Thank you, Mr. Chairman. I have the sense that since our last meeting we’ve received a wealth of data but not necessarily a wealth of information. Between the data that have come in and the conversations that I’ve had with my District contacts in the past six weeks, I’m a little more confident about the outlook for real growth, and I view the inflation outlook as unchanged. Housing is an example of having more data, but not necessarily more information. Though some aspects of the residential housing data have been encouraging, neither futures on housing prices nor reports that I have received from people in the business suggest that the slowdown in that sector will end any time soon. Despite that, it still looks as though the spillovers to consumer spending and financial markets have been limited. At our last meeting, there was also some uncertainty regarding the health of the manufacturing sector. For the most part, the intermeeting data have been favorable for the manufacturing sector. The industrial production numbers, for example, have been strong, but manufacturing employment remains flat.

The usual story that makes sense of these disparate trends is the continuing strength in manufacturing productivity. But I’d like to mention another element in the picture—others have mentioned it this morning—and that’s the skills mismatches. My directors and business contacts in the manufacturing sector tell me that they have jobs available but that they face great difficulty in filling those jobs because they can’t find people with the right skills. Interestingly, as was mentioned in the staff presentation earlier, the JOLTS data show openings as rising, and that’s also true in the manufacturing sector. Openings have been rising over the past two years. This news really isn’t so good per se, but it does suggest that at least some of the sluggishness in manufacturing job growth is coming out of the structural elements in the labor markets and is not purely a cyclical decline in aggregate demand. In a somewhat related vein, according to the National Association of Colleges and Employers, college placements are up 17 percent this year, the strongest showing since 2001. The story is that relatively high profits and good business prospects are driving up demand. We also understand from the Ohio governor’s office that last year, although sales tax receipts were lower, income tax receipts were stronger than expected.

These bits and pieces combined with some of the positive news in the aggregate data reports in the past couple of months make me somewhat less worried about the downside risks to economic growth than I was at the last meeting. I don’t want to go overboard on this. I had that feeling several times last year only to be subsequently moved in the other direction. It is hard to tell whether some of this good news has been related to weather—that is, some spring activity might have shifted into the fourth quarter.

On the inflation front, both the official data and the anecdotal stories from my contacts continue to provide some encouragement that core inflation will moderate over the next year, but the data are not yet entirely convincing. My staff has noted that for most of 2006, especially in the later half of the year, the growth rates of individual CPI components exhibited a bimodal distribution. On an expenditure-weighted basis, most components were either falling in price or rising at a troubling rate. Very few CPI components were rising at a pace that the CPI tells us is about average. This pattern is highly unusual, and I don’t know what to make of it, except to say that it does make it more difficult to tell which way the inflation trend is leaning.

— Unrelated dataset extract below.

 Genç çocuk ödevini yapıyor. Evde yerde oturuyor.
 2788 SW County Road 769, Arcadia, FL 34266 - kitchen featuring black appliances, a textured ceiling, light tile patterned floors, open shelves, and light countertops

My only material difference of opinion with the staff baseline projection concerns the assumption about labor supply. Economywide, there is some reason to think that aggregate labor supply is more abundant than the Greenbook baseline contemplates. Labor force participation rates for most demographic groups have been running stronger than the staff has been expecting, indicating that the growth of potential output could lie somewhat above the Greenbook estimate. That’s what I am assuming, and therefore I get a slightly better combination of output and inflation .

In the end, my outlook for the economy hasn’t changed. The general contours of the forecast for a modest slowdown in growth coupled with a very gradual decline in core inflation make sense to me. However, I have lowered just slightly my assessment of the risk that real growth will fall short of my projection, and I have not changed my risk assessment of inflation. There’s still a notable risk that year-over-year changes in inflation might remain stuck where they are today as opposed to drifting down half a point or so over time as I would prefer. Thank you, Mr. Chairman.